From the start of interviews with police and psychologists, William pushed for temporary insanity, and for mental illness to be considered by the courts. He had dozens of meeting with psychologists. During initial interviews William stated he blacked out. But, eventually he  admitted he had never blacked out, according to court documents. 

The court papers state the evidence indicates “some level of planning leading up to the crimes.” William had put the more protective family dog in his RV, waited for Mark to go to work and shut the bedroom door while attacking Dalton. Doctors stated that indicated William was “taking steps to avoid being caught or stopped. The natural inference being that Defendant knew what he was doing.”

“His attorney asked for 12 months on each murder,” Mark said. “He would’ve walked out right then, but the judge saw through the game he was playing. To me, 306 months on each (murder),  ain’t long enough; not for the heartache he caused. He should get the death penalty.”

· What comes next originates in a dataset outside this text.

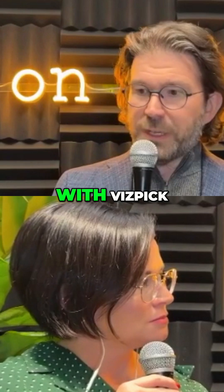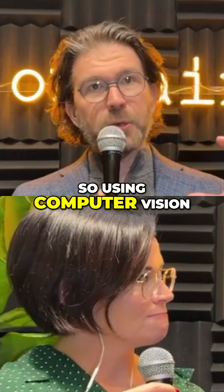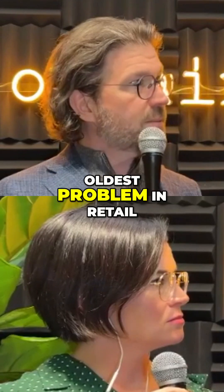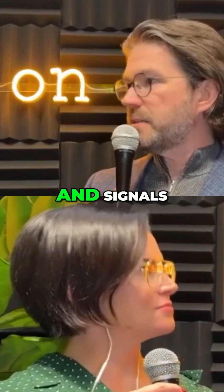With VizPic, this platform, it's basically an inventory location program. Using computer vision, we can go into a back room, we can go onto the sales floor, and we can identify the oldest problem in retail — what do we own and where is it. In doing that, it gives us a massive amount of data and signals.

Mark said his family is in the process of disassembling the trailer where the murders occurred. He had entered his former home once, after he received clearance from law enforcement. 

“Dillon and Zachary warned me it was bad,” he said. “I needed Denise’s stuff for the funeral, and Dalton’s. When I was in Dalton’s room I noticed his wallet. I grabbed it. Then I noticed, there was blood all over, everything—wall and ceiling. I couldn’t go back in there again. It’s been a nightmare ever since. I don’t sleep good anymore.”